The Integral Role of SAP One Domain Model (ODM) in the Journey SAP One Domain model (ODM) underwent a revision with a fresh perspective. Instead of only focusing on new master data models for Master Data Integration Service (MDI), ODM is now part of the bigger SAP metadata strategy.

The focus is now on enhancing and connecting existing data models for integration.

The new ODM standardizes how SAP expresses business semantics and relationships between business objects in APIs. We are starting with two principles that APIs must follow at the entity or main business object level to become ODM compliant.

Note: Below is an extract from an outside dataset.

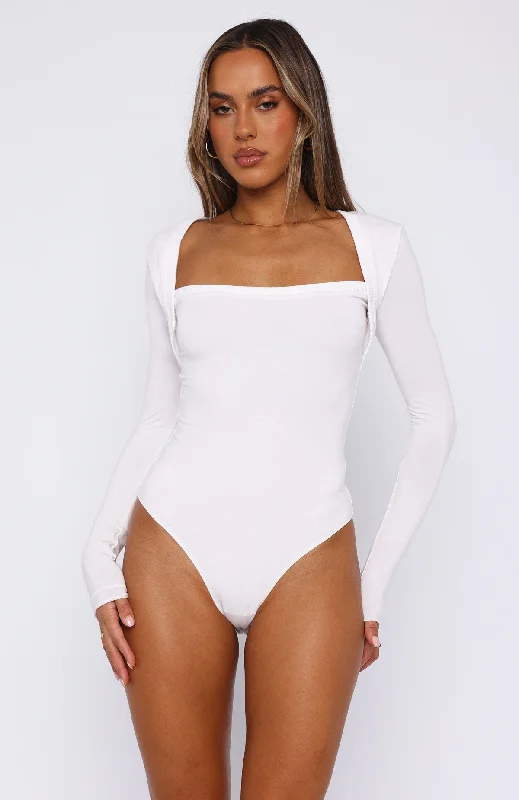 Straight Up Long Sleeve Bodysuit White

Principle 1: Link data models and APIs to ODM Business Objects

An API / data model can be linked to an "ODM Business Object" that has a universally agreed-upon semantic definition within SAP. This definition ensures a unified and reliable understanding of business object semantics across various application models, including APIs, events, and data products. It aids in identifying similar semantic elements across different SAP applications.


Principle 2: Connect instances via unique ODM object identifiers.

An attribute is added, the so-called OID or ODM ID that defines the globally unique value for this object type across the customer landscape. The goal is to eliminate the need of point-to-point ID mappings between applications and to allow easy reconciliation of information for cross application data analytics.


In the above example, consumer C has an integration with two providers A and B. Both share cost centers with the consumer. Both have the same local cost center id 1803 but belong to different company codes. Consumer C needs no key mapping nor evaluation of company codes because providers A and B are using OIDs which are guaranteed to be unique in the landscape.

ODM is Incremental and Additive


Applications apply the ODM standards to existing data models of APIs, SAP MDI or events to improve the integration for our customers. For example, when an API 'CostCenter' is enhanced by adding an ODM.entityName annotation and an OID field as unique ID, it is not a truly new API but just a new version of the existing API. All existing integrations that use this API will still work but new use cases can make use of the new ODM elements.

Adding an ODM entity name annotation and an OID makes an API 'ODM compliant'. This is at first only needed for entities that are exchanged between applications. Since ODM entity names are used as type names on object OIDs and OID references, these OIDs link objects between applications and allow much easier cross-application analytics.

So far, we first focus on the linking (type and instance level) of entities between applications. In the future we will also do this on the field level.

So, in summary, ODM connects existing data models and objects (instances) between different applications by making small enhancements to existing models. This incremental approach applies the same way to master data (SAP MDI models), APIs, events etc.

Consequently, ODM itself now places much more emphasis on developing concepts, methods, and tools to connect existing models as a general capability that we can apply to the SAP’s Intelligent Enterprise scope now and any integration in the future. Even customers and partners will eventually be able to use the same methods and tools.

Outlook


SAP is progressively incorporating more standardization into API-, event-, and data product development. Plans include adding attribute-level business semantics to optimize customer integration and developer experience. We are at an early stage of this journey, but tangible results  will be coming soon. We are excited about its potential to enrich our APIs and provide a smarter, more efficient developer- and user experience.